We acknowledge that a mapping at the 50 cm scale as presented here cannot currently be repeated on a frequent basis due to image cost and availability, thereby impeding the use of such work as a monitoring tool. However, recent work has shown that cost efficient nanosatellites such as Planet or RapidEye are able to reliably map scattered dryland trees with a crown size > 30 m² as individuals34, which applies to most adult baobab trees (Fig. 4). Species information cannot be readily derived from those images, but a nanosatellite-based tree map can be combined with the benchmark baobab tree species map provided here to track the future status of known baobab trees. Removal, mortality, survival/recovery and even the health status of identified baobab trees can then be tracked in future times using low-cost images. The importance of a regular monitoring tool, not only for tree cover but single tree species, is highlighted by a recent study, which found a high death rate of old baobab trees in different African countries within the past decade35.

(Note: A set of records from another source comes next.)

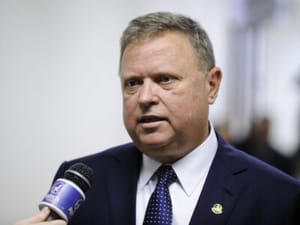 Blairo atribui decisão de Trump à inflação nos EUA e descarta influência de Lula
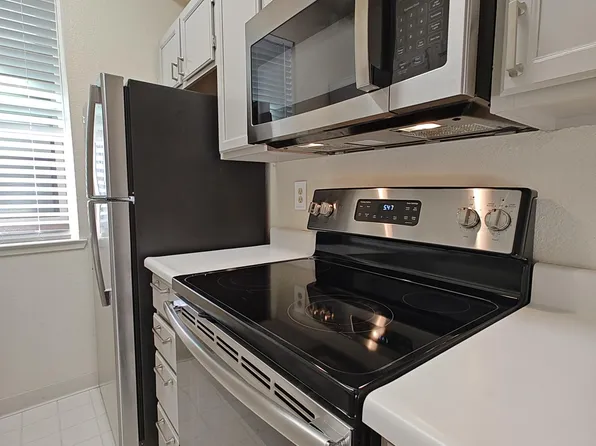 53 Lakeshore Ct, Richmond, CA 94804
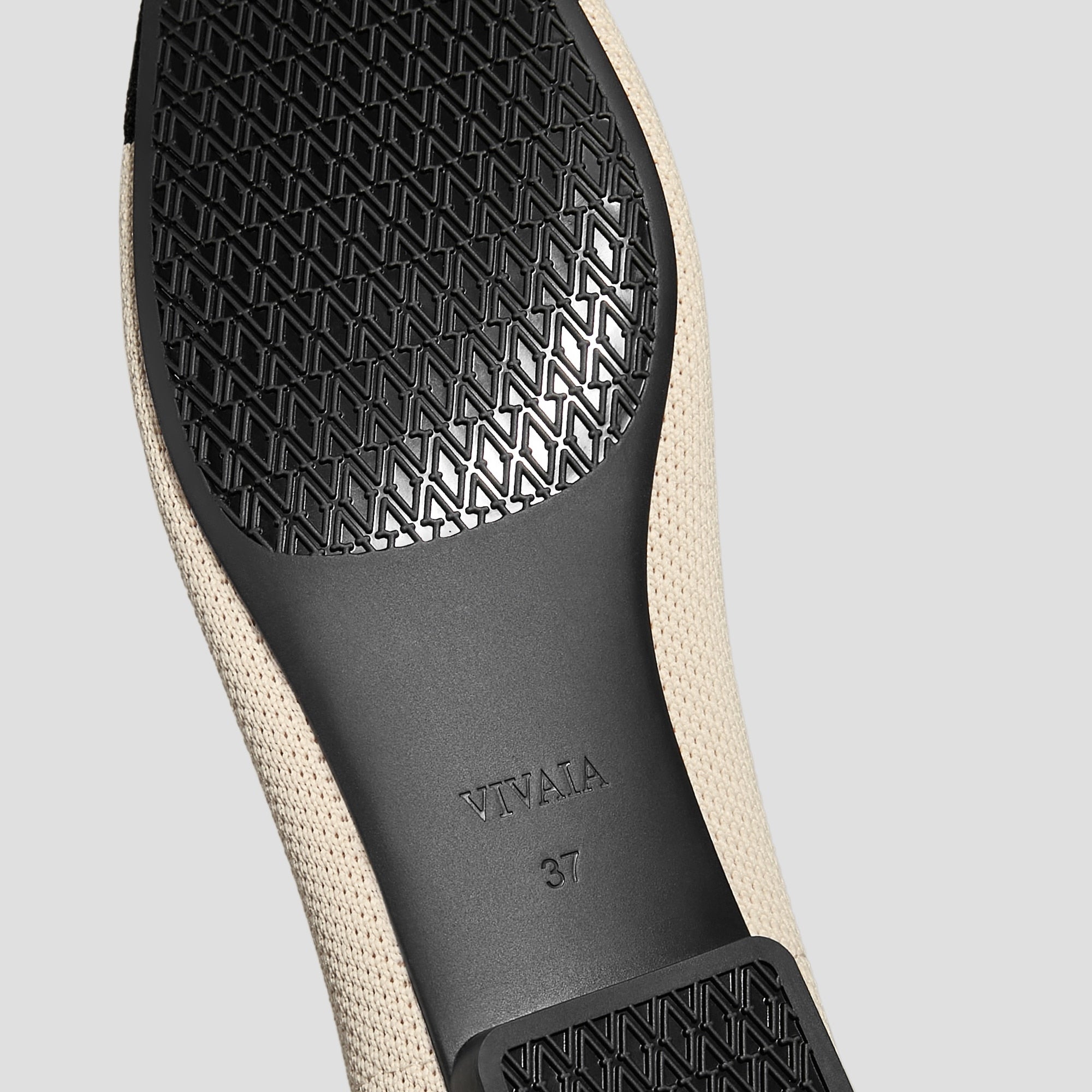 Square-Toe V-Cut Flats (Margot 2.0)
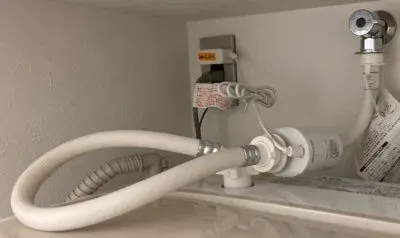銀イオンホースを洗濯機の給水口に取り付けた状態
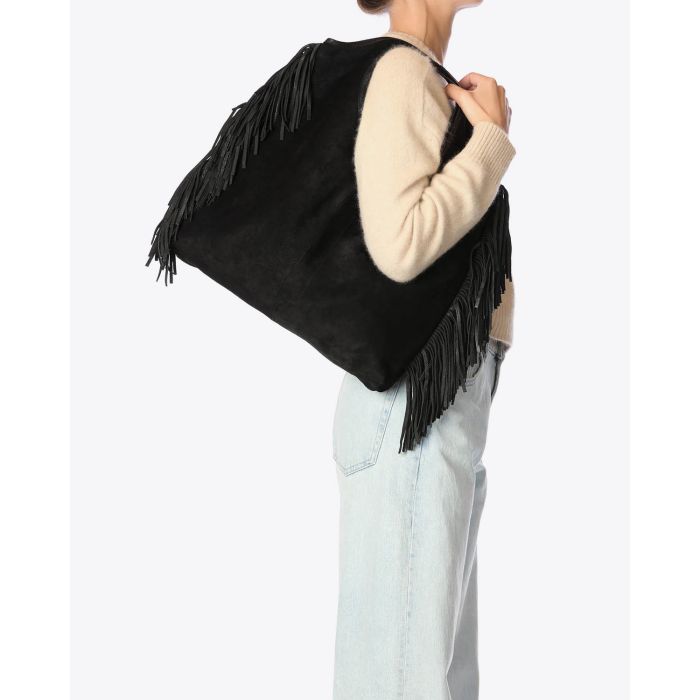 Sac à franges en cuir suédé Haenyeo noir Jérôme Dreyfuss. Capsule SS25. Vue porté à l'épaule.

Our study demonstrates the feasibility of mapping the precise distribution of individual tree species at a subcontinental scale. This information is crucial in times where human mismanagement and climate change cause the extinction of numerous tree species34,35. Mapping of individual tree species at large scale creates economic opportunities, but inevitably also involves a danger in relation to over-exploitation of local resources. This is in particular problematic for areas where local people strongly depend on the resources provided by trees, which is the case for baobabs in West Africa14,15,19,36,37. Here, a better understanding of where to conserve and invest in long-term sustainable use can support the development of rural communities and promote value chains28,36,37,38. Nevertheless, regardless of the baobab example, the precise mapping of individual tree species is sensitive towards unsustainable economic exploitation, which may then impose a threat to these trees. National and foreign companies interested in selling products derived from fruits and leaves, do not always create opportunities for local livelihoods, but may also lead to disadvantageous situations, such as over-exploitation of resources and by-passing of local markets. In extreme cases, rare tree species possessing valuable timber could be located, extracted, and exported41. This adds a challenge to the concept of open data, and it is important that data, such as the database produced and presented in this study, is responsibly managed by national and local authorities, and used to strengthen and develop rural communities.